We need to talk about that. Not in a vague, wistful way. In a practical, urgent, grown-up way. Because the choices we make now - what we fund, what we platform, what we put on air, on shelves, on screens - will shape the next generation of thinkers and makers.

And yet we’re not really having that conversation.

Instead, we’re being presented with this shrinkage as a fait accompli. As though late-stage capitalism and the rise of the machine have simply rendered bold creativity unsustainable. As if a world of 20-second bangers and proven formats is just "the way things are now."

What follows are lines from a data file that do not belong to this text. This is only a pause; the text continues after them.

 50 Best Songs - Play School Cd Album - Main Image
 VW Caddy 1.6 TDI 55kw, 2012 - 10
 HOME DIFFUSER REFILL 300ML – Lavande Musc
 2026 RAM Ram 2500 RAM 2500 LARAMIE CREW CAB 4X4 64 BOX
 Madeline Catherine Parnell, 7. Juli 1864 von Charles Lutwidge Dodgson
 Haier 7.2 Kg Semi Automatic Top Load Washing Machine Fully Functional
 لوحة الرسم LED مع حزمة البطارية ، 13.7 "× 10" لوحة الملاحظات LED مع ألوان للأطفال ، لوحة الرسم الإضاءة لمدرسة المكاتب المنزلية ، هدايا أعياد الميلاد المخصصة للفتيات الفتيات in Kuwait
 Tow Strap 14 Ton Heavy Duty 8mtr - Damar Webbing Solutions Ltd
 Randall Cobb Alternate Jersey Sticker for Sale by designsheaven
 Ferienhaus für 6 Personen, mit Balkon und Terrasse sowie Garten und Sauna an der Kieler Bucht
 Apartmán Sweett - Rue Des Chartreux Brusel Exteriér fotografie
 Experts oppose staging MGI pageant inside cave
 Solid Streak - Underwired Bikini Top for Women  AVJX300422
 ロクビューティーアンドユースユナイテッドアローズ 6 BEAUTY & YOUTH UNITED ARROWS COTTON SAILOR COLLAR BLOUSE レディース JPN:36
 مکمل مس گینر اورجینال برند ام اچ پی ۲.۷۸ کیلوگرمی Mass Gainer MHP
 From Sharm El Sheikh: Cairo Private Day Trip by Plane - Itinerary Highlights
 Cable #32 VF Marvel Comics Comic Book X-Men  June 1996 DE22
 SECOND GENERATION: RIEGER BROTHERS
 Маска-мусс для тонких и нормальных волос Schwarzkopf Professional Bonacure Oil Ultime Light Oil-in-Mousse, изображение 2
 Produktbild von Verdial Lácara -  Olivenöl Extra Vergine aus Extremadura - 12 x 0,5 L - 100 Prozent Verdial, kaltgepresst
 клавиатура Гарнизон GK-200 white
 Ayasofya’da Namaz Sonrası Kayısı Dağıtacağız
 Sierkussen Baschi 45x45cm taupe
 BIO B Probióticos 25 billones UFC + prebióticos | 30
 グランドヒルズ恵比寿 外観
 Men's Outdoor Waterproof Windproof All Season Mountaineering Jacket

But it’s not inevitable. This isn’t physics. It’s just economics dressed up as innovation. And if we let the financial logic of “only back what we know will work” run unchecked, we’ll end up with a cultural landscape that’s tidy, trackable and tragically small.

So what do we do?

We need to revalue creativity. Not just in awards shows, but in boardrooms. We need CMOs and CFOs who understand that not all ROI is immediate, and that distinctive creative work is still the most powerful commercial weapon a brand can wield.

We need agencies to fight harder for strangeness. For depth. For originality. For real insight. To remember that creativity is not a numbers game. It’s not about producing stuff. It’s a leap. It’s intuition. It’s taste.

We need platforms (yes, even TikTok and Spotify) to think more about feeding the long tail, not just flattening everything into viral sameness.

And we need more writers, artists and creatives of every kind to resist the pull of the algorithm. Not every song has to go viral. Not every script has to be a franchise. Not every ad has to look like the last one that “worked”.

In the end, the only way to expand creativity again is to make room for the things we haven’t seen yet. The hard-to-sell ideas. The not-quite-obvious films. The songs that take 90 seconds to get going. The outdoor campaign with no headline. The book that doesn’t fit a genre.

Weirdness, in other words. Ambition. Human noise.

That’s the cultural oxygen the next generation needs.

We just need to stop suffocating ourselves.